You Season 2: Here’s Everything We Know So Far

Last winter’s unexpected TV hit was You, which premiered in September on Lifetime to lackluster ratings but has found a great resurgence on Netflix. The soapy melodrama centers on a bookstore clerk named Joe (Penn Badgley) who develops an obsession with a woman named Beck (Elizabeth Lail). His fascination with Beck drives him to do some crazy things, like stalk her every move and, oh yeah, murder people in her inner circle. It’s a wild story, and thankfully Netflix is making a second season. (Lifetime passed You over to the streaming platform at the end of 2018.)

Just a few days before the show's new season starts streaming on December 26, we finally got a full-length trailer—and it's eerie as hell. While a cover of Radiohead's "Creep" plays in the background, we see show establishing Joe's new life as "Will Bettleheim" in Los Angeles. There are flashbacks to Beck, as well as what appears to be Candace's escape. Plus, we get to see the moment he meets the new object of his affection: Love Quinn. Though it seems like Candace is not going to let Joe get back into his stalking ways so easily.

In one scene his hands are covered in blood, and another shows what appears to be someone clawing their way out from being buried alive. We can't wait.

Here’s everything else we know about the next chapter of You—and be warned: Major spoilers for season one ahead.

It will premiere on December 26, 2019. Get ready.

The first part of the season takes place in Los Angeles. This is in line with what happens in the second novel of the series that You is based on, Hidden Bodies. “Joe Goldberg comes to L.A., and he is a die-hard New Yorker, so I can’t say that he comes to L.A. and he instantly falls in love with the place,” You’s showrunner Sera Gamble tells the Hollywood Reporter. “At least at first glance, this is not Joe’s kind of town, which is delightful.”

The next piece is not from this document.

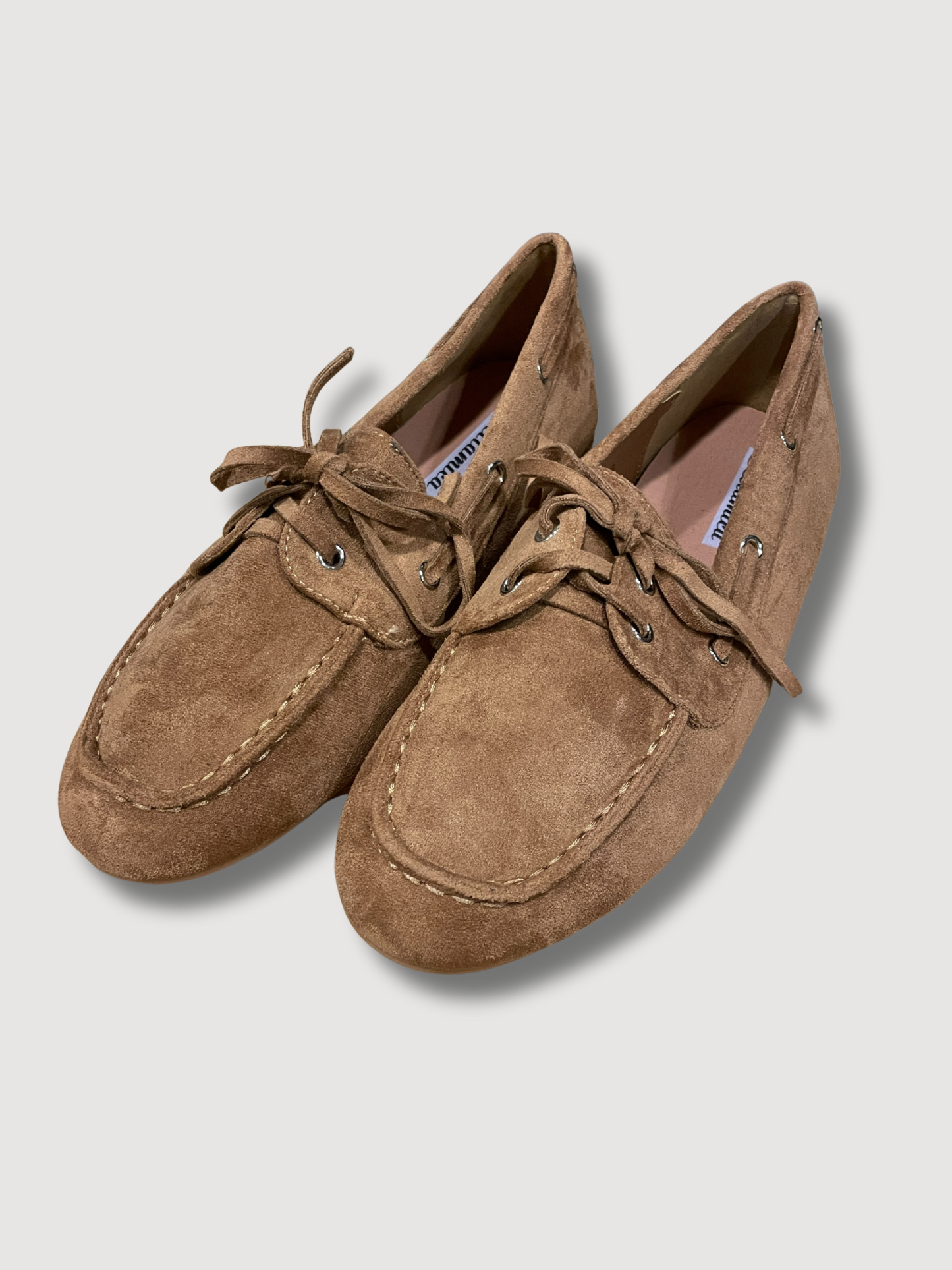 Mocassino in ecocamoscio con laccetti - cammello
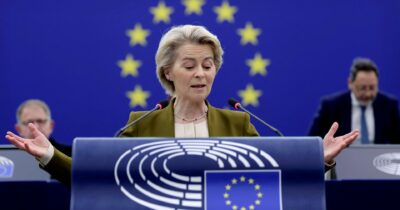 Copertina di ReArm, disastro Ursula: l’Eurocamera boccia l’ok senza il voto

All of Joe’s loose ends from season one will come back to haunt him. Remember, he framed Dr. Nicky (played by John Stamos) for Beck’s murder, and Peach Salinger’s (Shay Mitchell) family is investigating her mysterious death. All of this, Gamble tells THR, could “come back to him at anytime.” “He is very worried about the fact that Peach Salinger’s family has hired people to investigate her alleged suicide, and there is evidence potentially still at her house from season one,” Gamble says. “If you look at every act of violence that he does in season one, that is potentially something that could come back and bite him.”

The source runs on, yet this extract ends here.